Il ricovero era considerato già di per sé una cura, ma non mancavano sistemi sperimentali per “correggere” le “anomale” delle condotte femminili. Diverse “terapie” di choc provocavano febbri violente, convulsioni e coma, si credeva che lo scontro fra diversi stati patologici avrebbe portato al risanamento. Lo scompenso organico che si pensava alla base delle patologie psichiatriche veniva “risolto” anche con l’alternanza di bagni caldi e freddi, la cosiddetta “terapia del riposo”, ovvero legare le donne a letto per lunghi periodi, le iniezioni di insulina che nei casi di schizofrenia inducevano uno stato comatoso, e l’inoculazione dell’agente patogeno della malaria, in modo da provocare fino a dieci attacchi di febbre altissima nel giro di breve tempo. Nel 1938 si aggiunse l’elettroshock, che secondo i sanitari avrebbe calmato le pazienti.
Nessuna moriva per malattia mentale, erano il deperimento fisico, l’anoressia, il collasso, le bronchiti, l’emorragia cerebrale e la paralisi cardiaca le cause più frequenti dei decessi. Vengono i brividi se pensiamo che fino a cinquant’anni fa questi pubblici lager per “malate di mente” erano ancora aperti e non molto dissimili da quanto raccontato.

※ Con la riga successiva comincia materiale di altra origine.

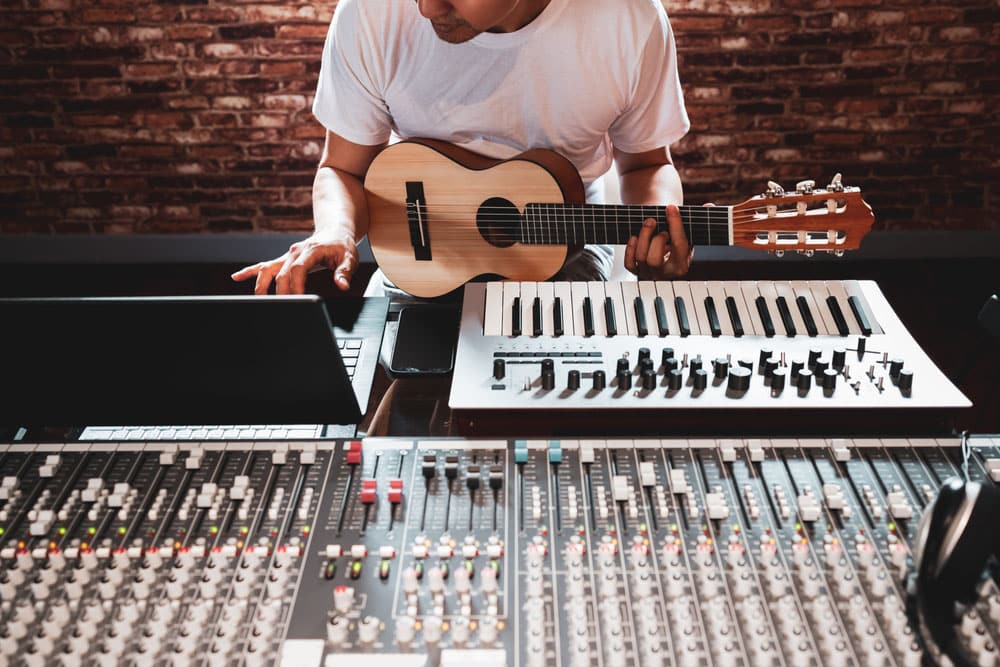 Asian male songwriter playing acoustic guitar for making music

Il secondo dopoguerra, infatti, non portò sostanziali cambiamenti. Sempre al Sant’Antonio Abate di Teramo una giovane, una tra le tante, era stata ricoverata per i litigi con la mamma e lo zio, il medico di famiglia l’aveva dichiarata «affetta da isterismo di alto grado». Questa “diagnosi” accompagnava l’internamento di molte donne, oppure si scrivevano frasi tipo «comportamento quantomai strano e dovuto senza dubbio a squilibrio mentale». In alcuni casi era sufficiente rendersi protagoniste di litigi con i vicini di casa, tanto bastava per il ricovero coatto. A volte, dopo una permanenza in osservazione per un mese, gli psichiatri dimettevano qualche paziente, dichiarandola «rassegnata per la sua sorte tragica», ma a patto che ci fosse una famiglia disposta a riprenderla. Altre finivano i loro giorni in manicomio, alcune vi hanno vissuto oltre mezzo secolo, senza vedere mai più il mondo fuori.
Ancora sul finire degli Anni Sessanta alcune ragazze furono rinchiuse per essersi allontanate da casa e unite ai cosiddetti “capelloni”, per essere andate «nelle bettole a fare l’amore».
Gli Anni Sessanta furono anche quelli di un’iniziale presa di coscienza. Uscirono libri e articoli (si ricordano in particolare i pezzi di Angelo Del Boca, successivamente raccolti nel volume Manicomi come lager), lo stesso ministro della Sanità Luigi Mariotti si fece promotore di una campagna di denuncia, definendo gli ospedali psichiatrici delle autentiche «bolge dantesche».
Non di rado i parenti cancellavano per la vergogna le loro madri, figlie, sorelle. Questa rimozione non si interruppe con la caduta del fascismo né servirono nei decenni successivi i movimenti per la rivendicazione dei diritti umani, l’oblio ha attraversato intere generazioni.
In seguito poi alla Legge Basaglia, nel 1978, sono state tante le famiglie italiane a scoprire di avere una parente che stava per essere dimessa da un istituto psichiatrico.

 

* Il presente testo è già stato pubblicato su Superando.it, il portale promosso dalla FISH (Federazione Italiana per il Superamento dell’Handicap), e viene qui ripreso per gentile concessione.